Das liegt nicht daran, dass die türkische Regierung führende Journalisten wegen angeblicher Spionage vor Gericht stellt, weil sie türkische Waffenlieferungen nach Syrien dokumentieren oder Zeitungen und Agenturen unter Aufsicht stellt, weil sie angeblich den Terror unterstützen. Das kann ihnen kaum zum Vorwurf gemacht werden, wenn doch selbst EU-Staaten, wie Polen oder Ungarn, mit neuen Gesetzen die Demokratie untergraben. In der Türkei ist im Vergleich wenigstens die Gesetzeslage demokratischer.

Während sich die europäische Öffentlichkeit auf die Flüchtlingskrise konzentriert und den Gipfel in Brüssel lediglich aus dieser Perspektive betrachtet, setzt Ankara die EU in einem ganz anderen Gebiet enorm unter Druck: Unter den Bedingungen, die die Türkei in Brüssel stellte, befindet sich ein Punkt, der kaum Beachtung findet, aber außenpolitisch ungemein wichtig ist. „Zusammenarbeit mit der Türkei, um die humanitären Bedingungen in Syrien zu verbessern. Ziel ist es, dass die lokale Bevölkerung und Flüchtlinge in einigermaßen sicheren Gebieten leben können“, heißt es in der offiziellen Gipfel-Erklärung der EU. Damit sind „Sicherheitszonen auf syrischem Boden“ gemeint. Eine langjährige Forderung der islamistischen Regierung in Ankara. Für Staatspräsident Recep Tayyip Erdogan, der in der Türkei die eigentliche Macht hat, ist die Durchsetzung türkischer Interessen in Syrien wichtiger als ein EU-Beitritt. Damit hofft er zum einen seine eigene Stellung in der Türkei zu festigen. Zum anderen glaubt er, könne er sp eine führende Rolle in der Region einnehmen, sollten islamistische Gruppen mit Unterstützung der Türkei in Syrien an die Macht kommen.

Sicherheitszonen würden der Türkei, trotz der inzwischen erreichten Waffenpause, was Ankara ohnehin nicht schmeckt, ermöglichen, sich endlich direkt in den Konflikt in Syrien einzubringen. Denn solche Zonen bedürfen der militärischen Sicherheit, die nur mit Bodentruppen und Flugverbotszonen zu haben wäre. Deshalb hat Davutoglu gleich nach dem Gipfel in einem Interview mit CNN-Moderatorin Christiane Amanpour bekanntgegeben, dass sein Land mit internationaler Rückendeckung bereit wäre, Bodentruppen nach Syrien zu entsenden.

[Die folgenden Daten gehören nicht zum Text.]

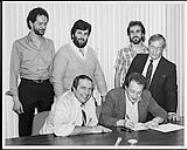 Capitol - EMI du Canada Limitée annonce la signature d'un contrat avec l'auteur-compositeur-interprète torontois David Wilcox [ca. 1982].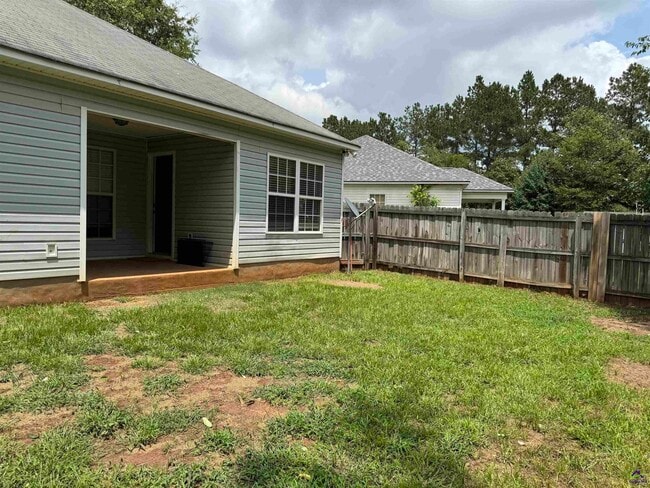 Building Photo - 109 Candy Ln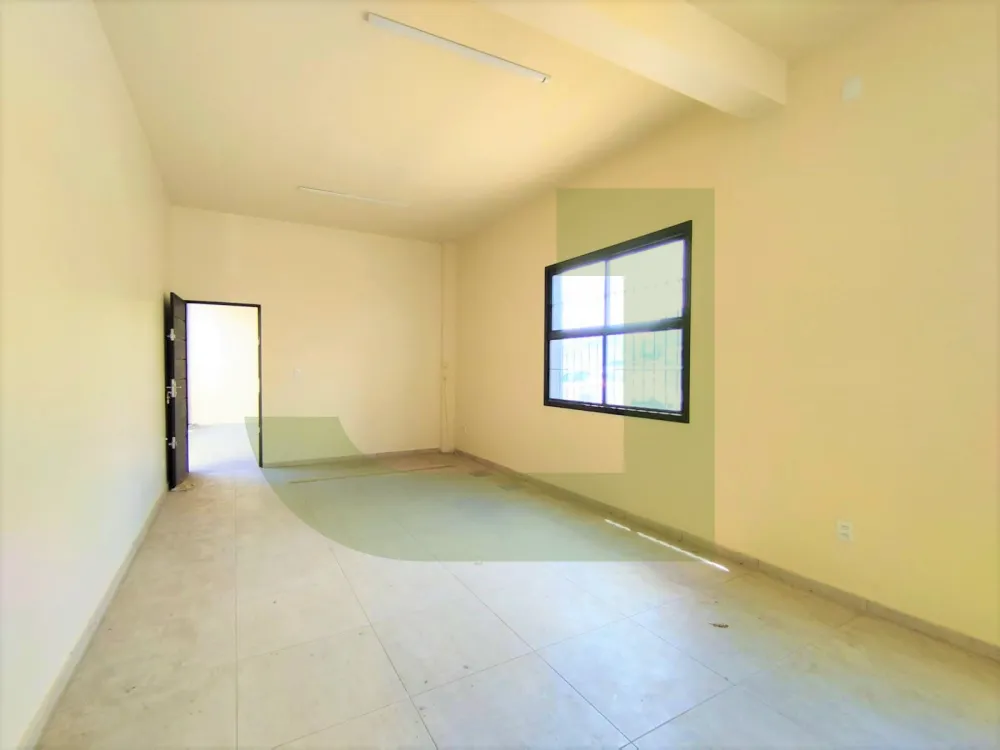 Alugar Comercial / Pr&eacute;dio em S&atilde;o Leopoldo R$ 6.500,00 - Foto 4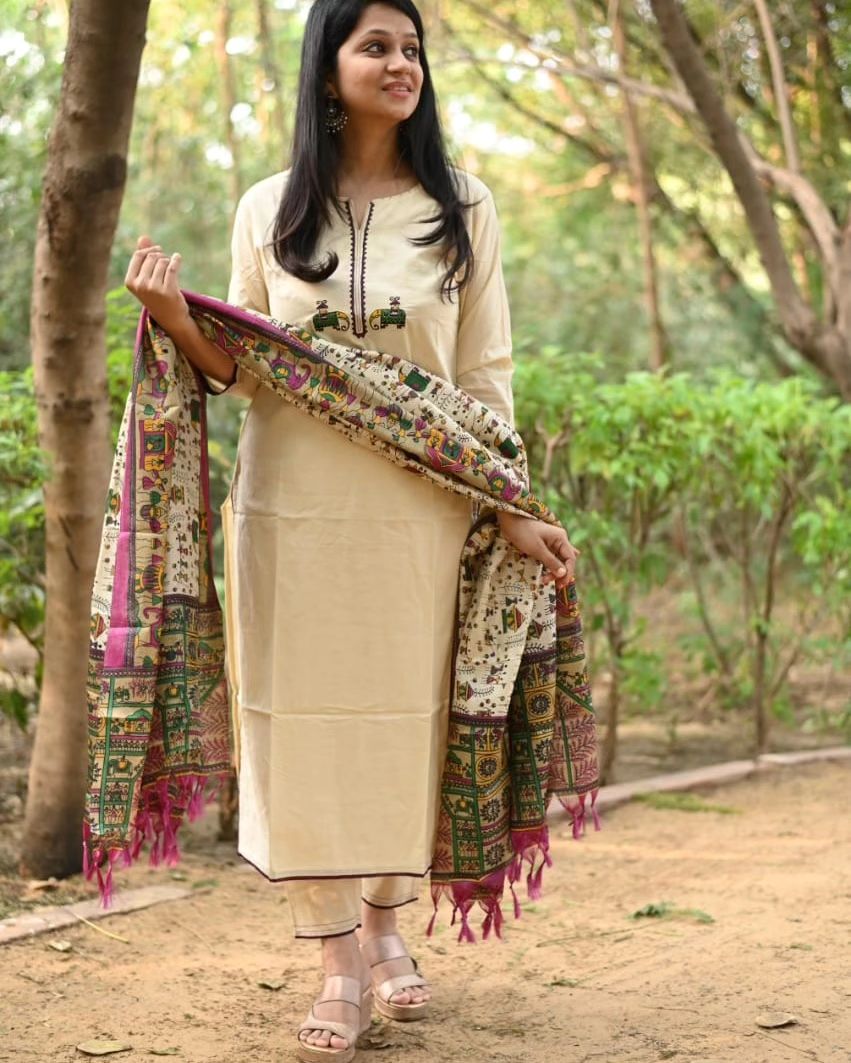 Ivory Cotton Flex Embroidered Kurta Set With Tribal Print Dupatta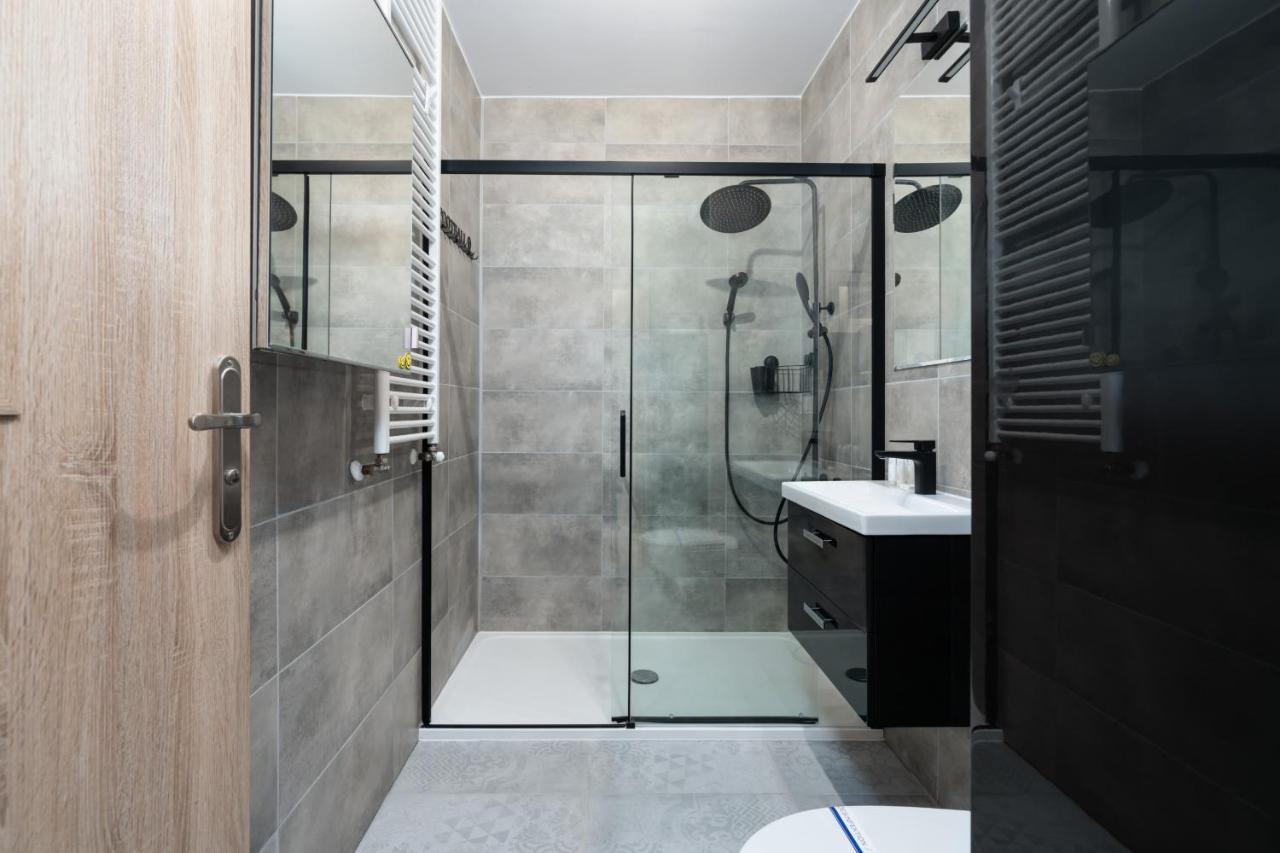 Modern Apartment With Balcony & Free Garage Poznan By Noclegi Renters Exterior foto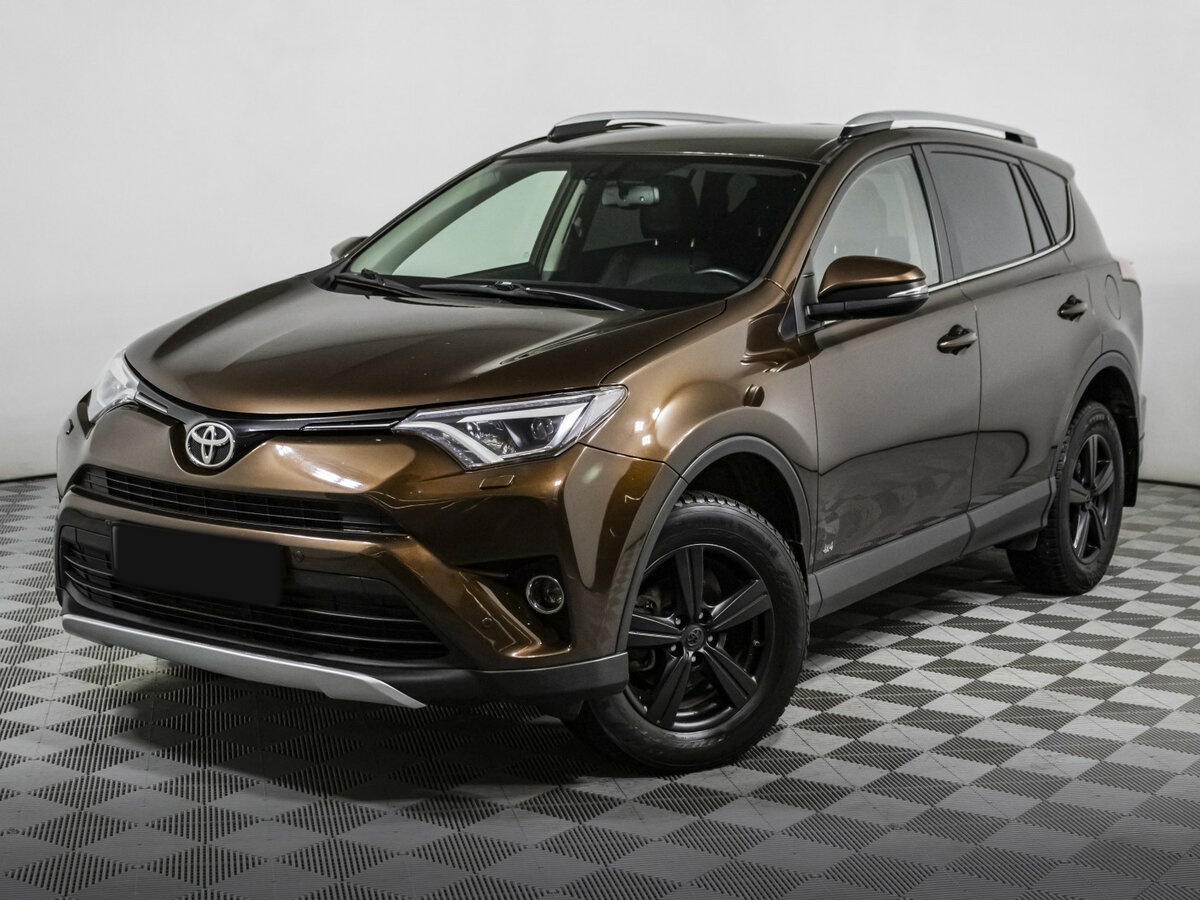 Toyota RAV4 2017 года с пробегом. Фото: #0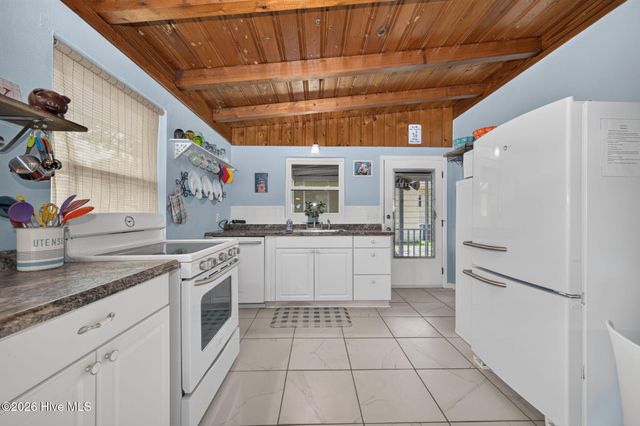 105 NE 3rd Street, Oak Island, NC 28465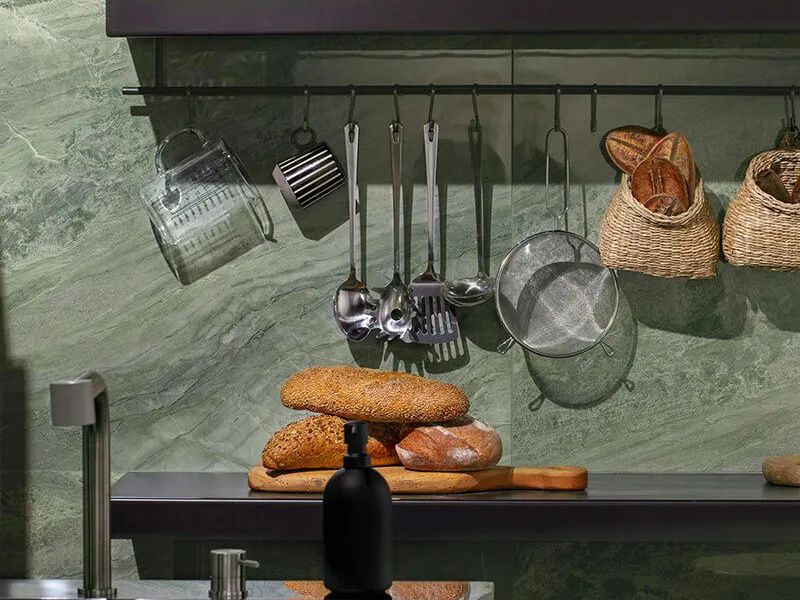 優れた耐久性と防水性のタイル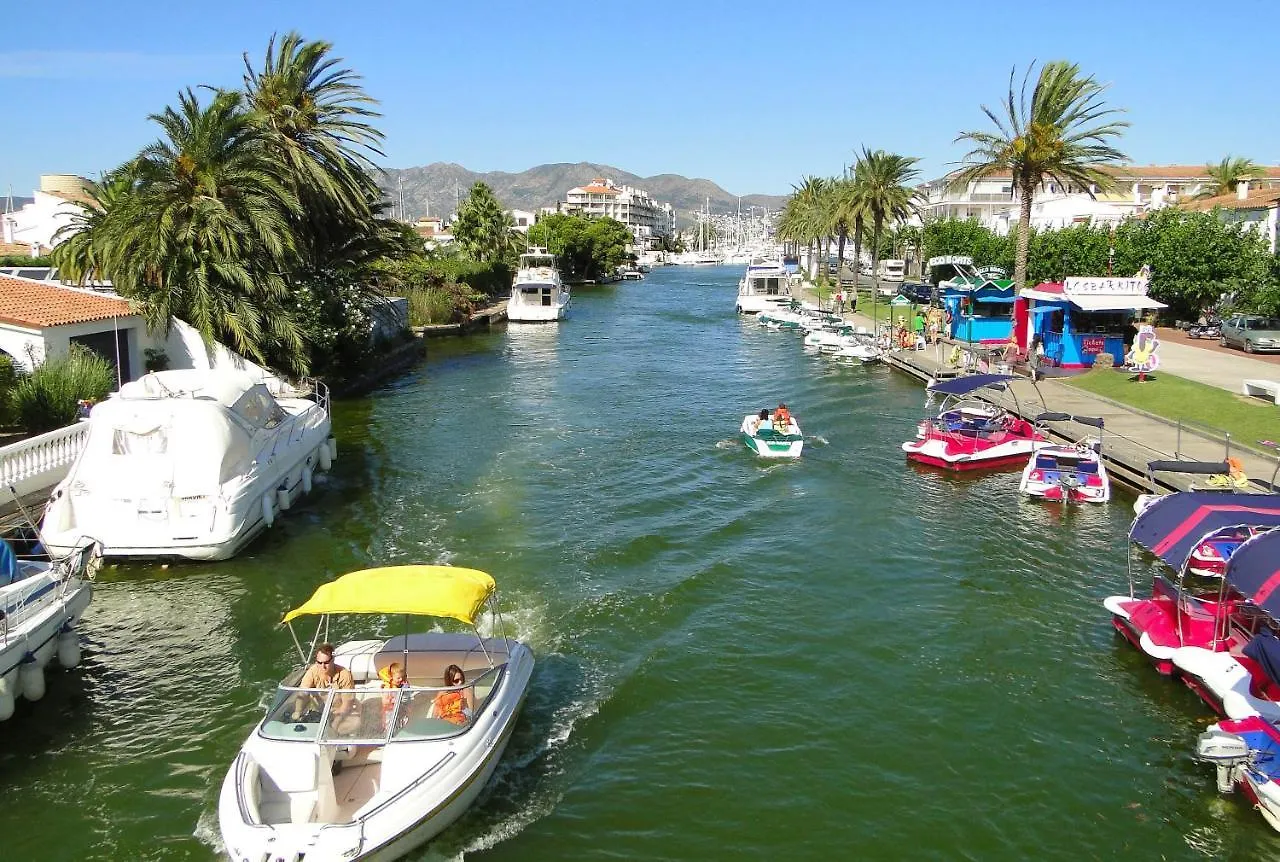 Camping Rubina Resort Empuriabrava Espagne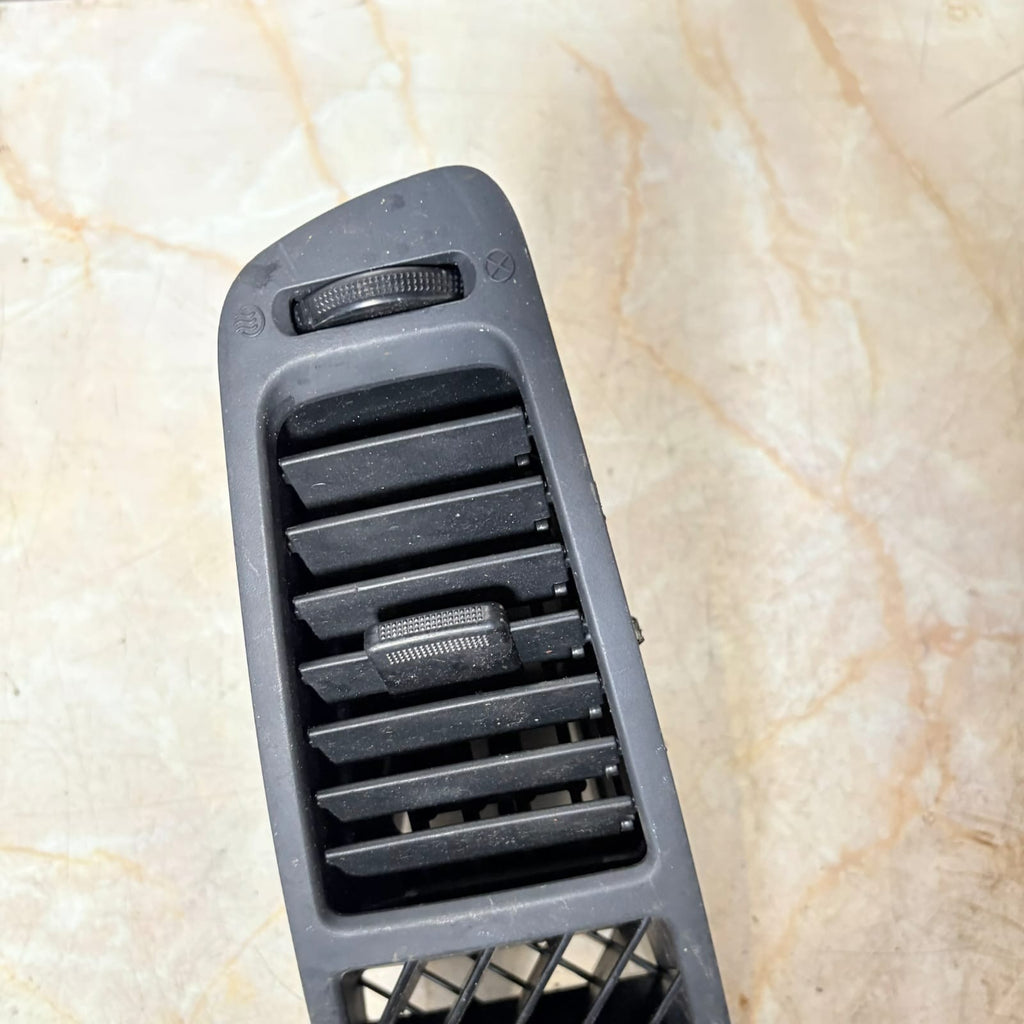 Kia Soul Mk1 2009-13 Front Left Passenger Dash Air Vent Trim Speaker 97450-2K000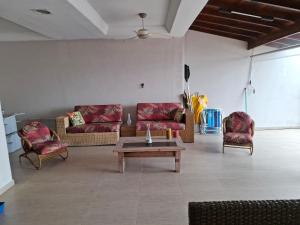 Ein Sitzbereich in der Unterkunft Casa na Barra do Una, à beira do Rio Una e frente a Praia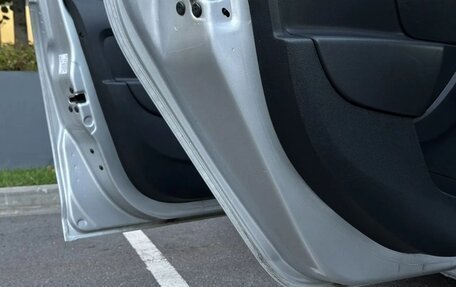 Renault Logan II, 2014 год, 800 000 рублей, 11 фотография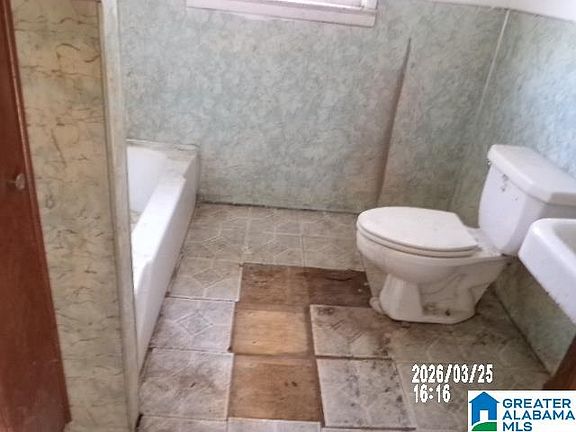 4th image of 2935 Allison Bonnett Memorial Dr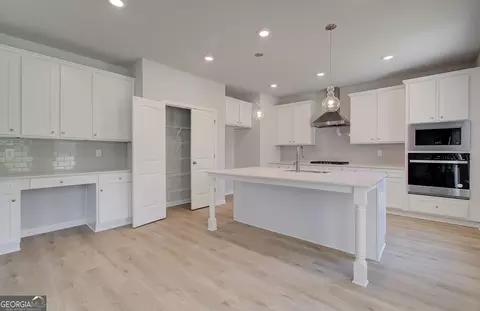 Kitchen - 237 Chiswick Loop, Stockbridge, GA 30281 photo 1 of 4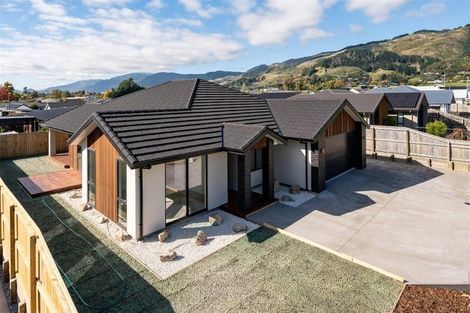 Photo of property in 32 Greenway Crescent, Hope, Richmond, 7020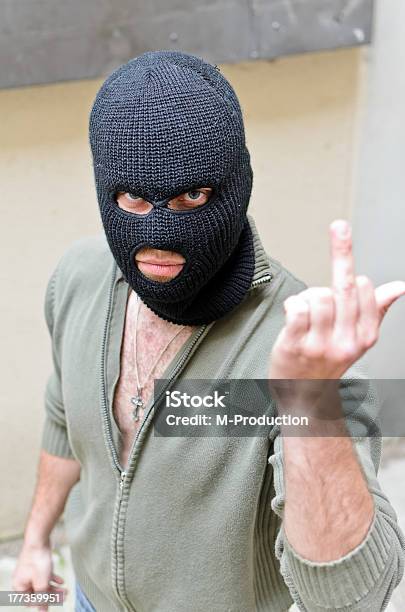 Einbrecher Mit Einer Maske Zeigt Mittelfingers Stockfoto und mehr Bilder von Achtlos - Achtlos, Aggression, Dieb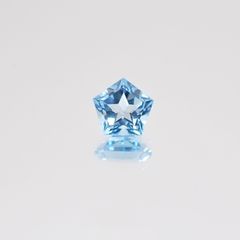 <ランダムセレクト1個販売> ◇ペンタゴンカット◇スイスブルートパーズSA(宝石名ブルー・トパーズ) ブラジル産 0.55ct前後 識別済[210310174]5×5.2mm前後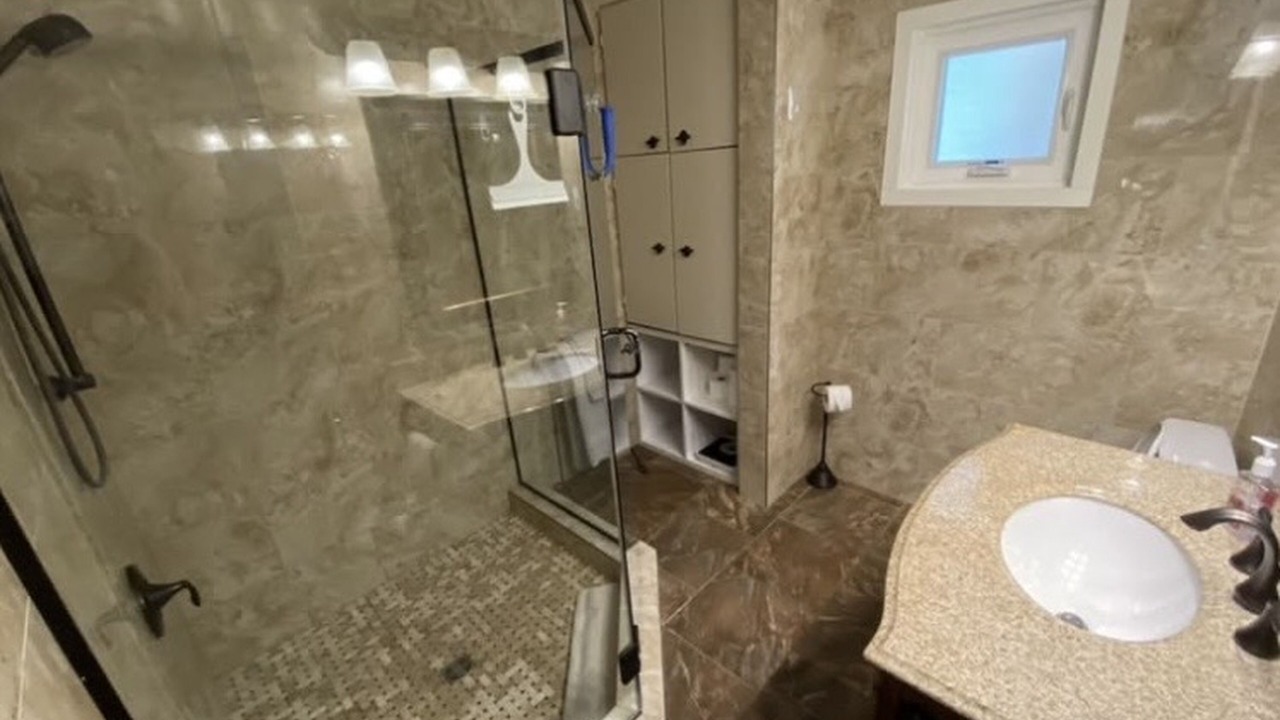 Photo of Bathroom in Osoyoos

Ein gefährlicher Plan. Denn der syrische Despot Baschar Assad und seine russischen Verbündeten würden diesen Schritt niemals akzeptieren. Wenn die EU sich in dieser Frage instrumentalisieren lässt, nur um die eigene Last in der Flüchtlingskrise zu erleichtern, würde sie eine neue und größere Konfrontation mit Moskau auslösen.